:: DATASET ::
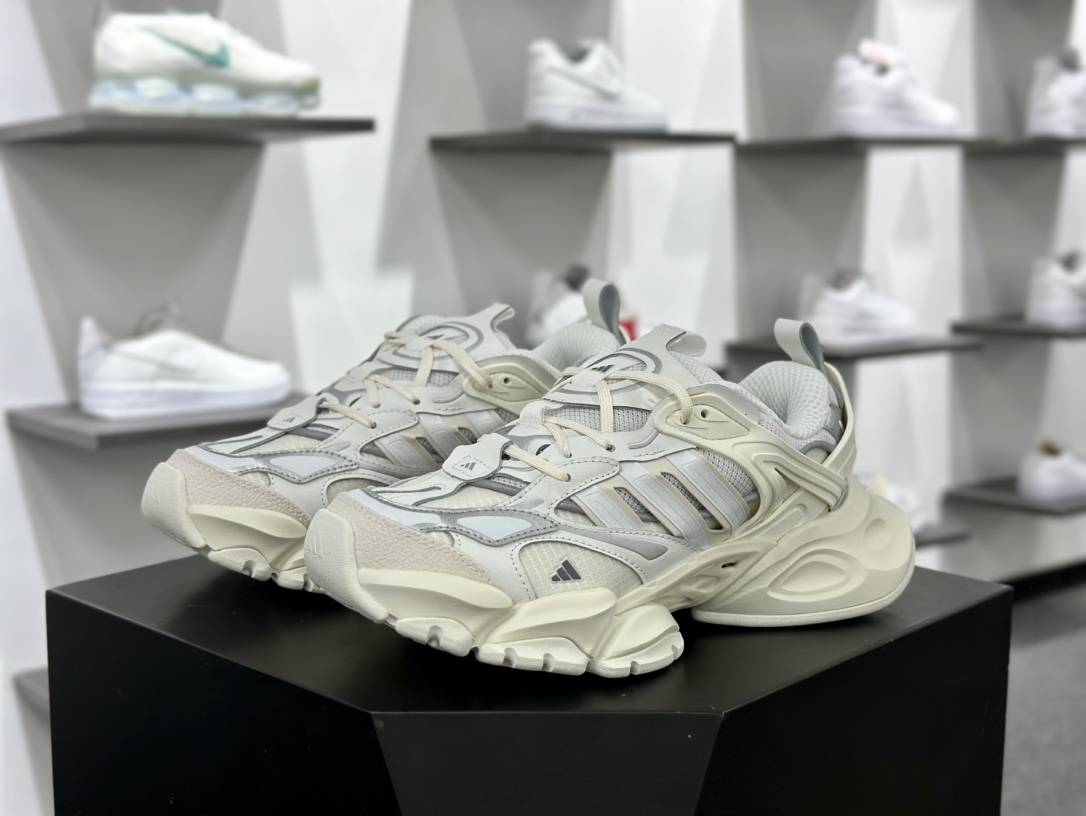 阿迪达斯Adidas XLG Runner Deluxe 跑步者豪华版系列低帮慢跑鞋“奶白银”IH7795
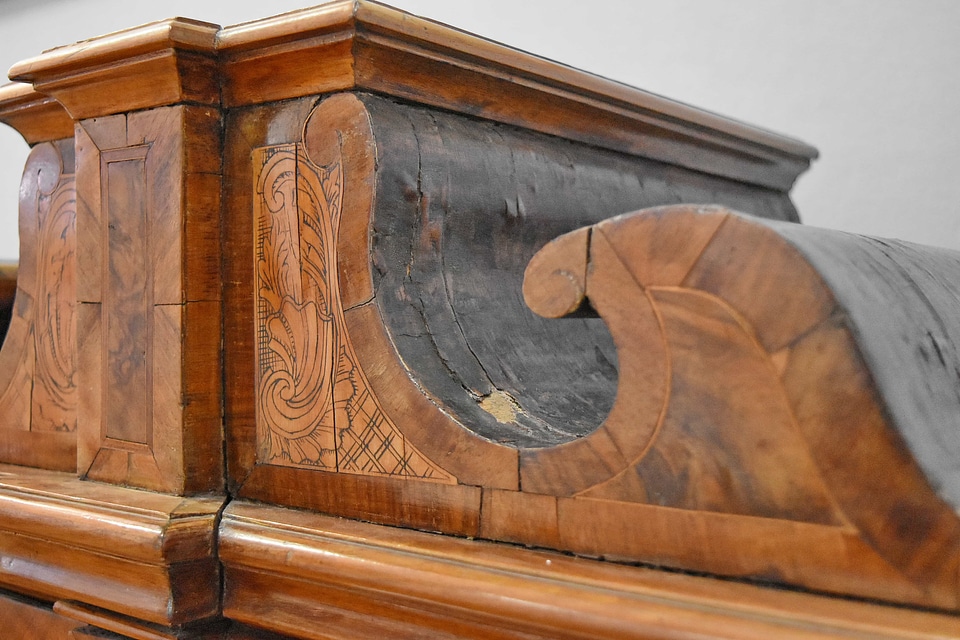 Old carving art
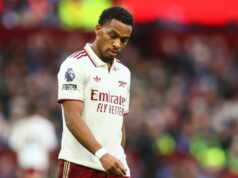 Rice, Timber, Trossard, Saliba – správy o zranení Arsenalu a dátumy návratu pred súbojom Wolves Jurrien Timber zachytil úder proti Aston Ville, ktorý ho mohol udržať mimo súboja Arsenalu proti Wolves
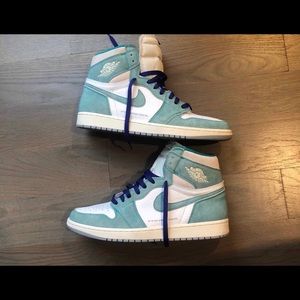 Air Jordan Retro 1 ( Turbo Green )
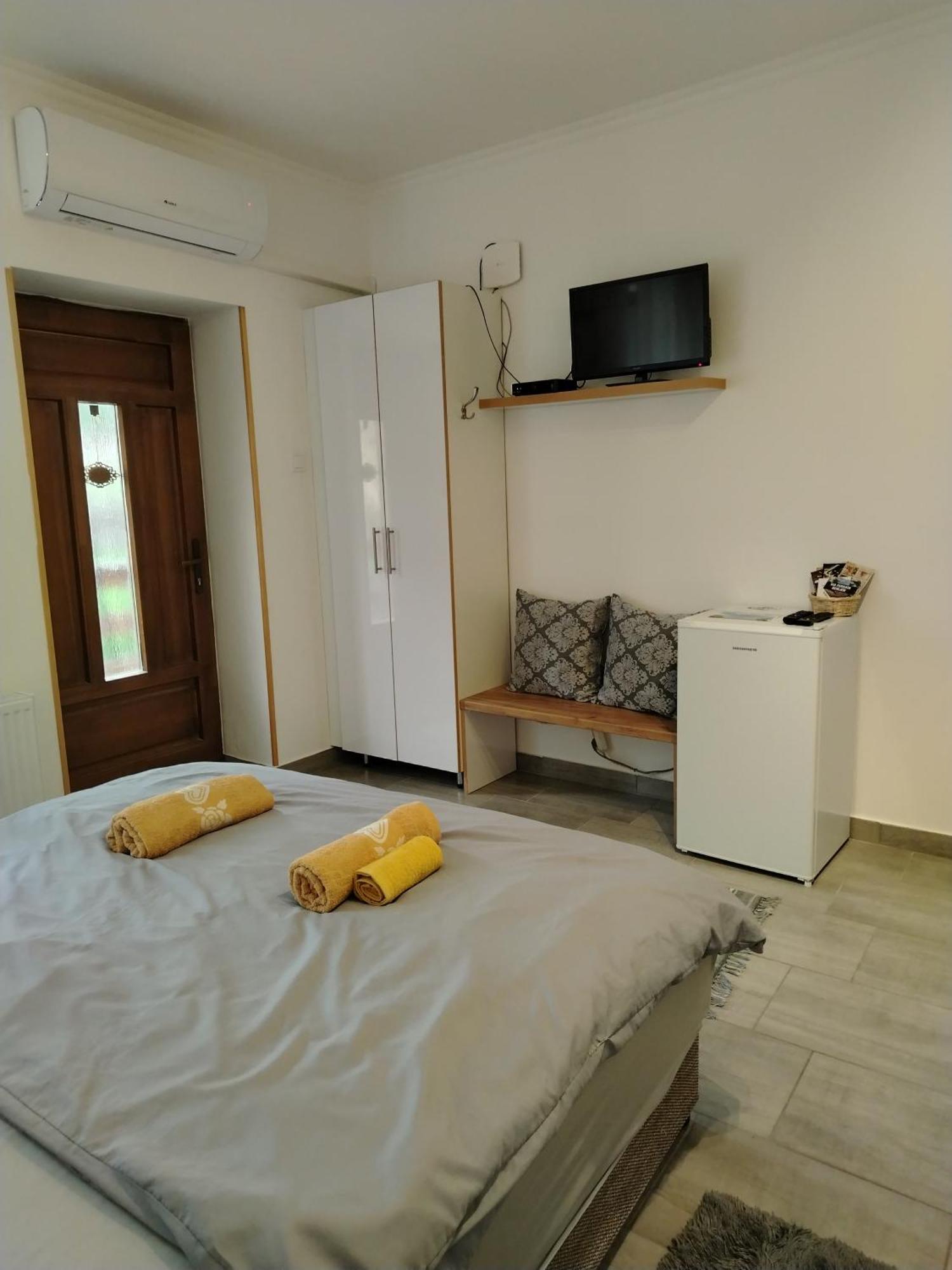 Kaptarko Apartmanhaz Demjén Exterior foto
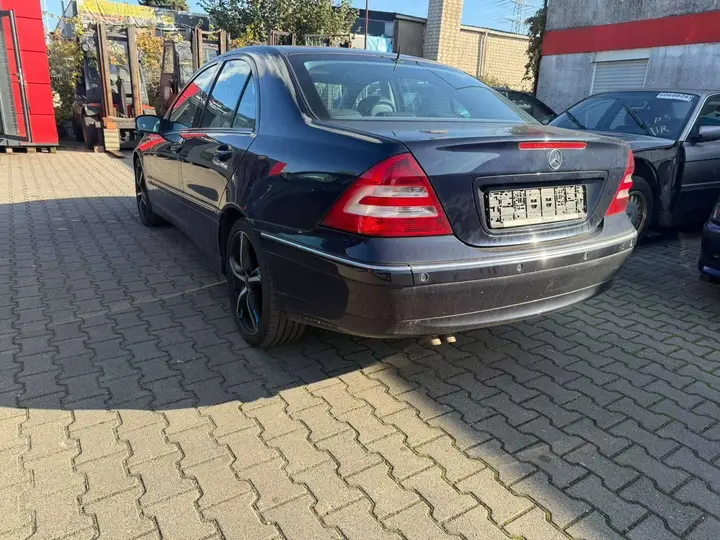 Mercedes-Benz C-Class 2006 photo 2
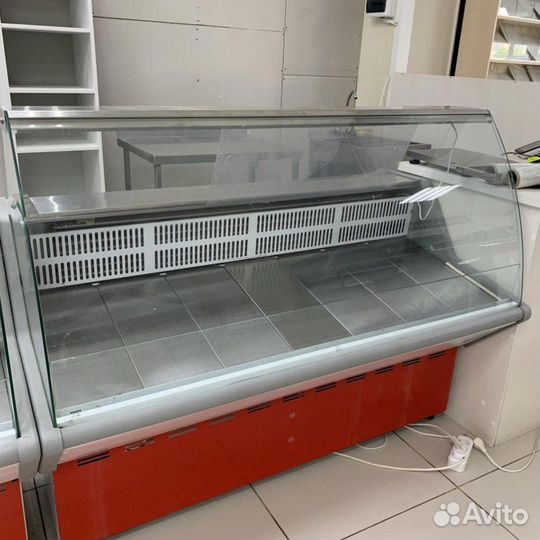 Стекла для витрины Нова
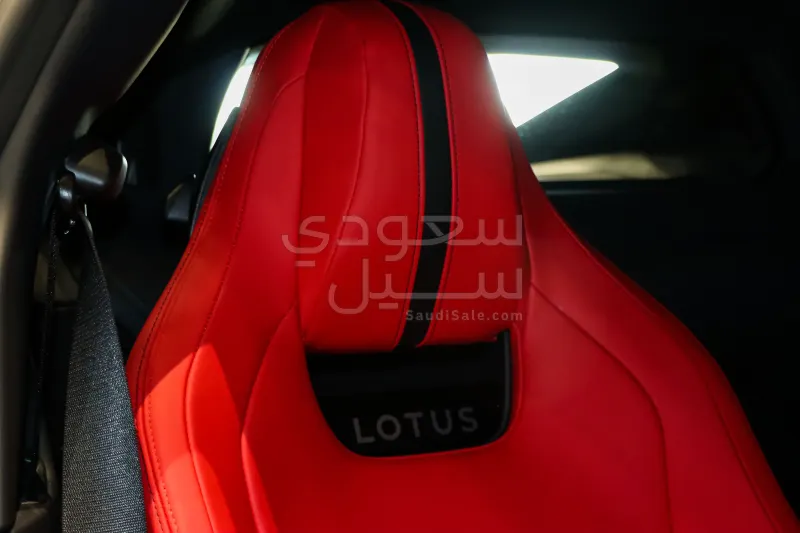 2025 Lotus Emira Turbo SE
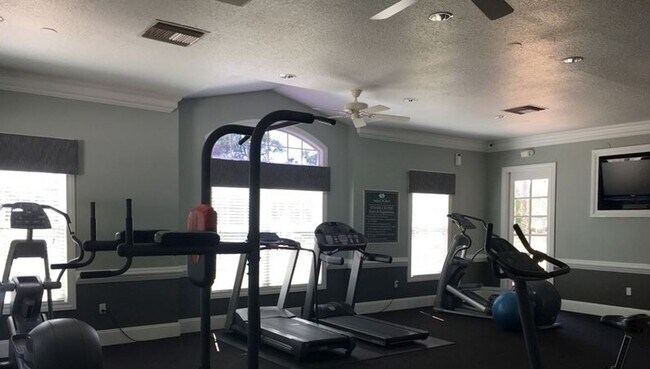Building Photo - Beautiful 3 bedroom 2 Bath Townhome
:::
Extract word for word every line from the line that contains "Kaptarko Apartmanhaz Demjén Exterior foto" to the final line of the data, both included, and nothing else; skip the pictures.

 Kaptarko Apartmanhaz Demjén Exterior foto
 Mercedes-Benz C-Class 2006 photo 2
 Стекла для витрины Нова
 2025 Lotus Emira Turbo SE
Building Photo - Beautiful 3 bedroom 2 Bath Townhome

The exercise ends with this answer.